I chuckled, relaxing a little under her touch. "Gee thanks." I said, her hand rubbing on my stomach sent tingles of delight through me. My cock throbbed in my pants and I knew if she kept that up there would be no calming my dick down until she fell asleep.

"I guess there isn't a special skill to it right? I just lay here and behave."
 
I smiled. "Exactly. You just have to lay there... And be a pillow for me.... A pillow that wraps his arm around me and holds me close... You'd be surprised how many guys can fail at it." My hand still lightly tracing random patterns over your stomach. My leg brushing against yours as I curled myself around you a little more
 
I nodded and curled my arm around her. God she felt so soft and warm against me. Hugging her to me, made her breasts press to my side and I felt myself blush. Her leg curled around me a bit and I swear she was literally framing my hard on. I took a deep breath and relaxed against the pillows. Hell she knew what she was doing to me right? Either way if I didn't act on it, she couldn't blame me for it.

"I like being a pillow." I said with a smile.
 
I laugh softly, "well a girl could get used to this, that's for sure." His heart rate had slowed a little and I could feel him relaxing more, I smile... "But now I may get jealous of the next girl who finds herself in bed with you..." My fingers trailing from his collar bone, down his chest and stomach and then lower, down over his hip bone and his upper thigh.
 
I shivered as he fingers teased down my body. Her words confused me, was she into me or something? I mean a girl a beautiful as her, how could she want someone like me. Her fingers moved down my thigh and I swear I felt my nuts tingle. "W...well I was jealous of your Mr. Right. Even if I thought he was a douche.

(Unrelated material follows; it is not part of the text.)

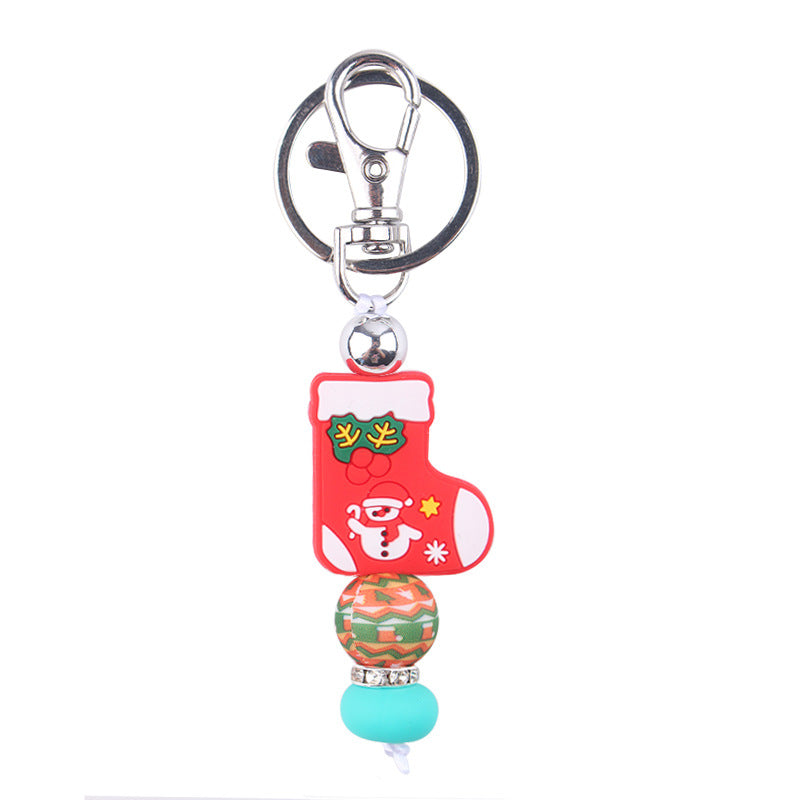 Wholesale Christmas Series Silicone Beaded Keychain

The fact that he was with you was enough." I whispered, barely trusting my own voice.
 
His words made me smile. "Well, like I said that's not what I'm looking for anymore..." As I lay there, his arms holding me against him I couldn't help but to think about how I couldn't believe I had never given him a chance before... Sure he wasn't "flashy" but he was far from bad looking... And he was so sweet.. He genuinely cared about me. I lifted my head slightly, "I don't need Mr Right..... I need this....." That being said I leaned up and my lips ever so softly touched his, so soft that neither were even sure our lips had even touched. I pull back and smile at him.
 
I couldn't believe what I had just heard. Had she just said that she wanted me? No that couldn't be it right? Yet she shifted above me and I felt the softest brush of lips against mine. At first I thought I had imagined it, but I could see her shadow above me, the moonlight giving enough light to see her smile. "Jessica are you....you are a dream come true...I don't know what to say." I told her, reaching up to brush my fingers through her hair. It felt cold still from the water but it was soft and silky and smelt of peach.
 
I smile and shake my head at his words. "I'm no dream come true.... I'm just me, and that's what makes being here with you, feel so right. I came to you at my lowest, looking my worst.. And you didn't care, you didn't run for the hills at the sight of tears.. You embraced me." I close my eyes as I feel your fingers in my hair. When I open my eyes again I lean in again, our lips touching, making sure we both feel it this time.
 
I couldn't believe I was having my first kiss with her. This girl would have been my fantasy my whole life. She pressed her lips to mine and I did my best to kiss her back. My hand cupped her cheek as my body burned for her. When she pulled back again I said, "Only a fool would run from your tears. Only a fool would treat you any less than a treasure."